● **Your instructions**
Once you reach the line containing "Wybory w Kazachstanie: Frekwencja" in the entries below, write out that line and each one after it down to the line containing "2012年式ジェイコ スタークラフト アウトバック", exactly and with nothing added.

● **Data provided**
════════════════

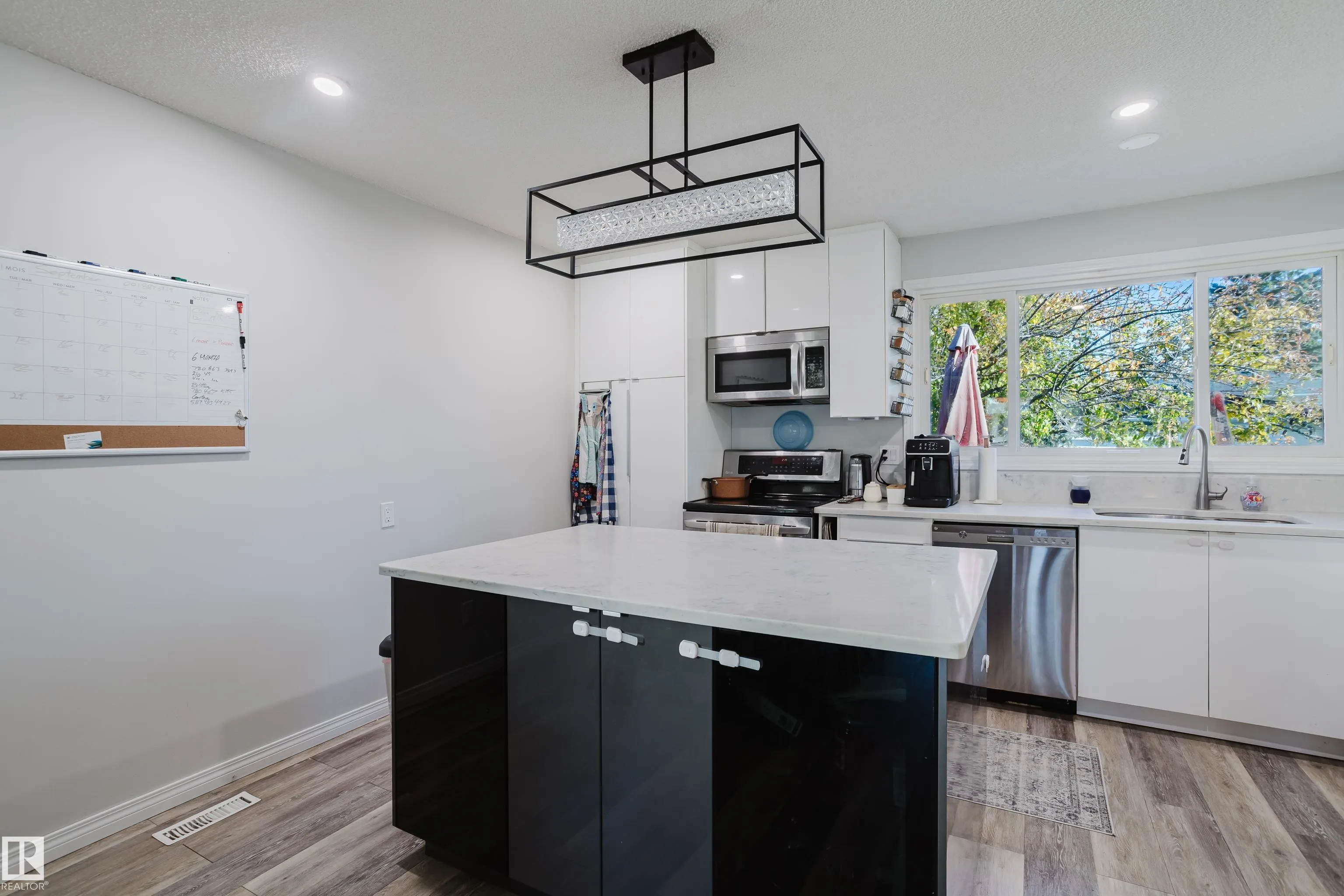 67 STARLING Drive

════════════════

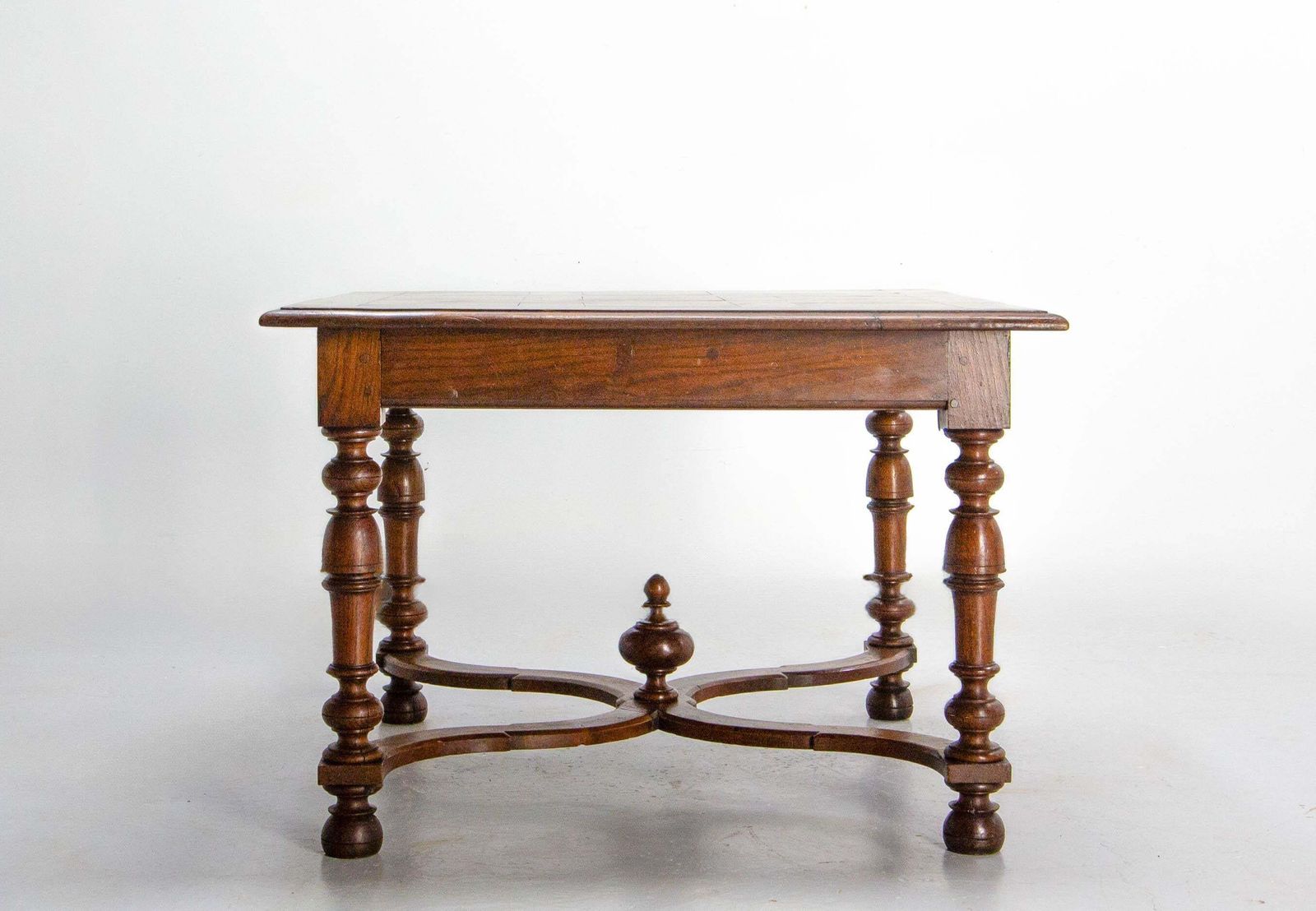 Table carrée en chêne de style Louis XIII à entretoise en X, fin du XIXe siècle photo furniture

════════════════

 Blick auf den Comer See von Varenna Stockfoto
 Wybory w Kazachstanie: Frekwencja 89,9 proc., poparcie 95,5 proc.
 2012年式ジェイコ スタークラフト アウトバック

════════════════

● **Reply to the task**
 Wybory w Kazachstanie: Frekwencja 89,9 proc., poparcie 95,5 proc.
 2012年式ジェイコ スタークラフト アウトバック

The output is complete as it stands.